DATA SECTION:
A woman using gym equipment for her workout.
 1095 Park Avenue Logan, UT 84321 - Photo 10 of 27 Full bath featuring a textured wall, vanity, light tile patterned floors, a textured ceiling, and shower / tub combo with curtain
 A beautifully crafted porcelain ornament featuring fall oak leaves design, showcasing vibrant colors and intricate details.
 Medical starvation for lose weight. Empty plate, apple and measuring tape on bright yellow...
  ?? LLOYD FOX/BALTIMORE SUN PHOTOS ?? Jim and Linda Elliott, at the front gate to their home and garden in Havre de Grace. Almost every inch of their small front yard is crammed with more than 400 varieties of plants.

TASK DETAILS: Show every line above in which the word "with" is found.

WRITTEN ANSWER:
 1095 Park Avenue Logan, UT 84321 - Photo 10 of 27 Full bath featuring a textured wall, vanity, light tile patterned floors, a textured ceiling, and shower / tub combo with curtain
  ?? LLOYD FOX/BALTIMORE SUN PHOTOS ?? Jim and Linda Elliott, at the front gate to their home and garden in Havre de Grace. Almost every inch of their small front yard is crammed with more than 400 varieties of plants.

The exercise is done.